Ruplu Bhattacharya: Hi. Thanks for taking my questions. Phil, can you talk about what surprised you in the quarter and led to the revenue outperformance? You beat the high end of the guidance. And part of that, can you talk about the linearity in the quarter, and you had talked about an inventory correction last quarter, is the industry still experiencing that? How long do you think that’s going to last and what parts are in excess supply?

Phil Gallagher: Yeah. Thanks, Ruplu. Yeah, let me start with the first part of your question. I would say it was a surprise. I would just say it was just terrific execution in the quarter by the teams. The inventory came in and as we’ve been saying, we work with the customers to get it back out and I think the team just did a really nice job. We saw continued strength in the markets we’re very strong in, industrial, transportation, automotive, and of course defense. So as the quarter went on, it just continued to stay strong. So maybe [indiscernible] But I think it’s really execution by the team. And as we’ve been saying for quite a long time, Ruplu, inventory is not a bad thing, okay, when you have the right inventory, right?

So, we are able to get the inventory in and get it back out. On the inventory itself as we touched on in the call, right, last quarter, I had said, I think it’s industry inventory correction. I think that’s still playing out in a two to three quarter time frame, I think that’s basically what we saw as inventory sequentially were up really modestly. So I think that’s still playing out. And again, the inventory is healthy. I mean so it’s not a bad thing. And I also want to just note, I mean, we talked about inventory. It’s not everything, okay? There is a handful of suppliers that tend to be heavier weighted, where we’re growing the inventory. There’s other areas, trust me, we’d like to have more inventory. So we kind of generalize inventory often is one lump sum.

But it’s — not all inventories are the same. So hopefully that answered your question there, Ruplu?

Ruplu Bhattacharya: Yeah, thanks for the details there.
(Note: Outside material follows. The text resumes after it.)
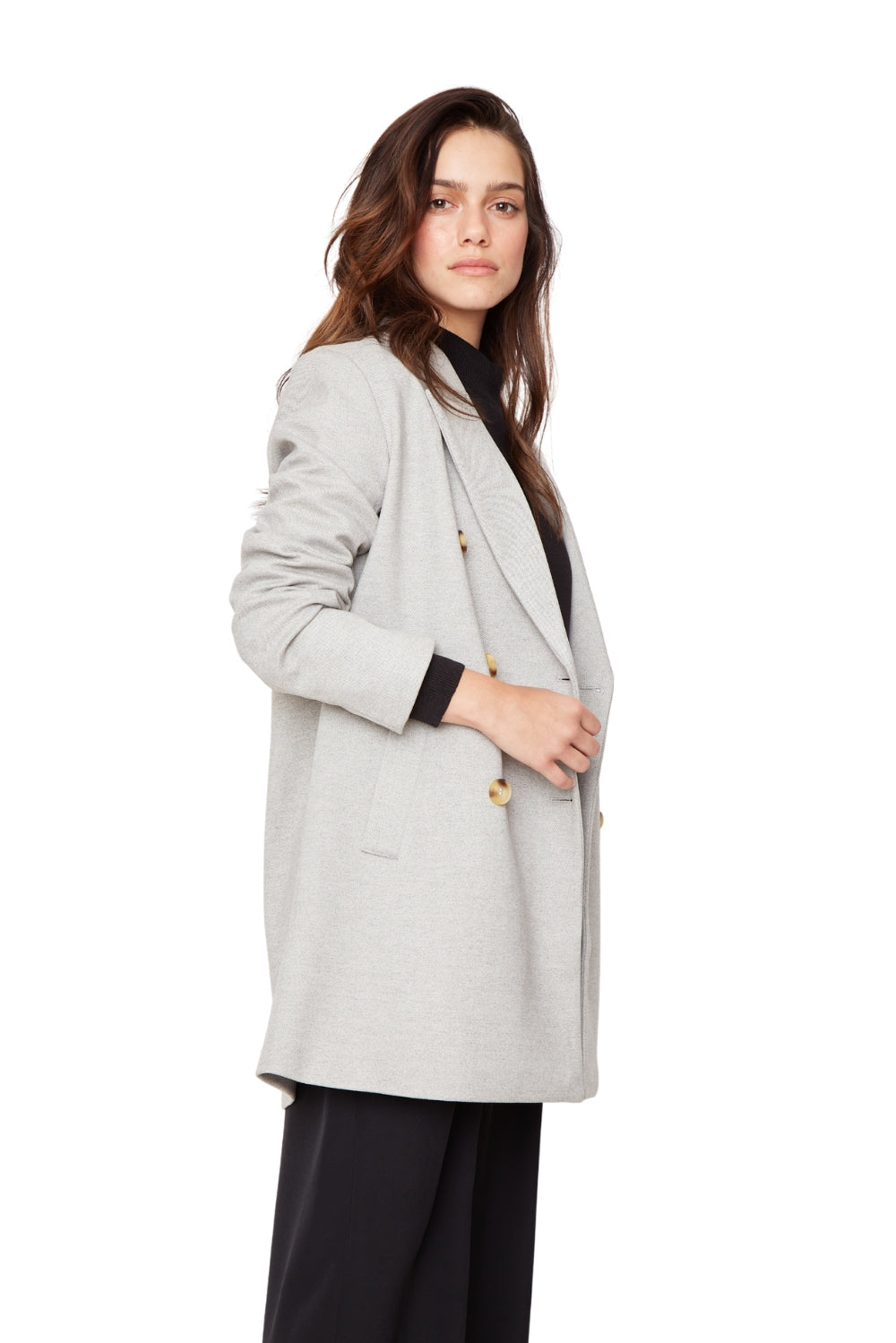 Abrigo Sara gris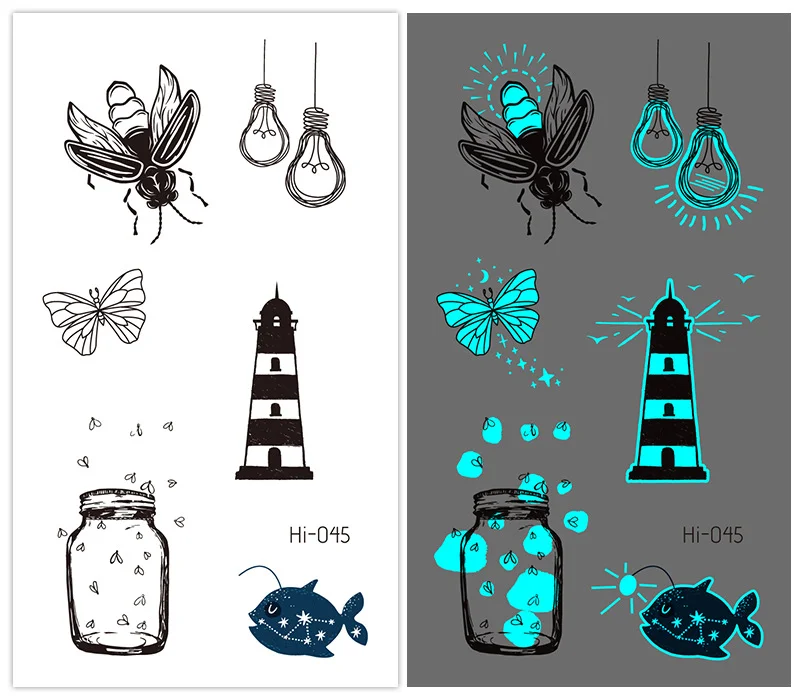 Sdrawing Tattoo Stickers Temporary Moon Star Diamond Planet Festival Carnival Party Glowing Cool Face Tatoo for Men Women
Phil, if I can ask you about the Farnell operating margins, you mentioned a couple of things for fiscal 1Q, you said that the single-board computers, they’re more available, so that should help sales and operating income dollars, but you also talked about some mix issues that maybe persist. And I think Ken talked about some opportunities to reduce costs. So, net of it, if you can talk a little bit about what opportunities you have to reduce cost in Farnell and how should we think about segment operating margins? Do they remain below 10% over the next couple of quarters or how should we think about this in the medium — in the near term and medium term?

Phil Gallagher: Yeah, let me work backwards and I’ll turn it over to Ken on the expense. Yeah, we’re going to take a few quarters to get back over to 10%, Ruplu, in Farnell. Again, we had some — as we talked about, we had some FX issue in Farnell and some product mix shipments were some of the — some of the products that we’re getting the upside on which we’ve talked about in previous years, last 18 months is flattening out or coming down from the pricing pressure standpoint where we had some, let’s call it non-traditional customers coming in and buying more product from Farnell. So let’s say the on-the-board components coming down a little bit with some margin headwind with things like single-board computer, which we’ve been talking about that were heavily backlogged and that’s starting to catch up with the long pole and tent parts that we were looking for there.